OK, so in case you haven’t heard, in October 2022 Jodie Whittaker bowed out of the BBC sci-fi drama Doctor Who with a feature-length finale called The Power Of The Doctor. The portents suggested that the Thirteenth Doctor incarnation was going out with a big bang, and in a 90-minute universe-spanning adventure that’s certainly what viewers were awarded with.

Not ideal I know, but due to some unforeseen ‘scheduling difficulties’ I was forced to watch the live broadcast on the BBC iPlayer app on my iPhone on my way to my parents’ place in Buckinghamshire, on the last full day of a visit back to Blighty.

Not having the faintest idea how many classic era Time Lords and companions were about to re-emerge from the wilderness in this exciting and frightening special, I watched with an overly arched eyebrow and a sardonic grin when the Seventh Doctor, the short-arsed Scot Sylvester McCoy popped up, for two reasons:

Firstly, he was the Doc that I’d never actually watched during his tenure in the latter half of the 1980s, though that was hardly his fault — I came of age in 1984, when the charisma-free Colin Baker (6) took over from Peter Davison (No.5, are you keeping up?), a time when this 14-year-old boy was going through some ch-ch-changes of his own. Essentially, I’d swapped the stamp collecting for clubbing, the vests for sex, and Adam Ant for David Bowie. Doctor Who suddenly became — you know the phrase — ‘for kids’, something I’d grown out of and I imagined buried in the past forever. Until 2005, anyway.

Secondly, I was not so completely unaware of Doc 7 that I didn’t know who the actor was playing him, and so I was frequently bemused seeing the real McCoy in our local supermarket — Waitrose on Finchley Road, trivia fans — when I lived in the area in the 1990s, and even more tickled when I started watching The Power Of The Doctor boarding a National Express coach from outside the very same food emporium a quarter of a century later, on 23 October 2022.

Commissioned for the BBC’s centenary, the extended episode felt like the ending of an era in more ways than two — not only because Jodie and showrunner Chris Chibnall returning the TARDIS keys and moving on to planets new, but that received wisdom suggests Chibnall’s original script was left open-ended, meaning the final scene with a ‘surprise’ regeneration was unwritten til the last minute because, the speculation goes, that he was unsure if the show was going to return or be paused indefinitely.

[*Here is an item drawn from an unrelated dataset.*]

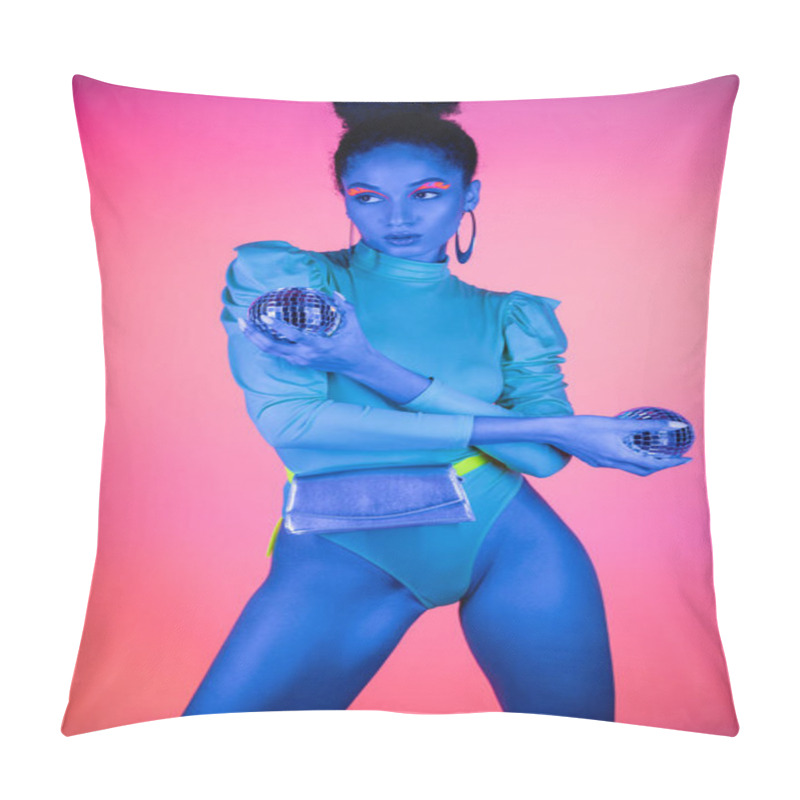 Personality  Stylish African American Woman With Neon Eyeliner Holding Disco Balls On Pink Background Pillow Covers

Yikes. There could be some truth in that, though, and it could well be that a) the bulk of the story was written before Russell T Davies was announced as returning to take back the showrunner role he originated or b) Chibnall thought it not part of his remit to write lines for the next doctor and so left that for RTD, in the same way that he left it for his successor Steven Moffat to pen Matt Smith’s lines at the conclusion of 2010’s The End Of Time.

So here we are almost a decade and a half later and Welsh wonder Davies, a marketing genius who shepherded Doctor Who’s triumphant return to television and served as the series’ executive producer and chief writer, is making a comeback. As is David Tennant, the effervescent, always memorable Tenth Doctor and easily its most popular incarnation since the show was revived. His iconic status rivals that of the Fourth Doctor Tom Baker, who was conspicuous by his absence in The Power Of The Doctor. Though it was hardly a surprise. For a start, TB – pretty much my boyhood hero – returned in 2013’s timey wimey 50th anniversary special The Day Of The Doctor.

While it would have been quite something had he lent his sonorous tones to the latest story too, he’s gone on record as not being keen on multi-Doctor stories because he “didn’t want to play 20 per cent of the part”, hence why he was cleverly cast as the mysterious Curator, where he didn’t have to compete for screen time in scenes with other previous incarnations of the Time Lord.

Baker’s also 88 and yes I know, there was myriad Whotard chatter, all ‘Well, Ian Chesterton made a brief appearance at the Companion Support Group (a lovely touch, by the way) and William Russell is 98. Well, let’s just say Bill looks a very sprightly and healthy almost-centenarian and leave it at that.

The Moffat and Chibnall eras marked an erratic decline in both the popularity and quality of New Who, and even Stevie Wonder can see the return of Davies and Tennant is a calculated attempt to save the show that has become mired in nostalgia, an exposition in gobbledygook that employed too many confusing narrative gimmicks such as the Timeless Child that rewrite the Doctor‘s entire history. Meh.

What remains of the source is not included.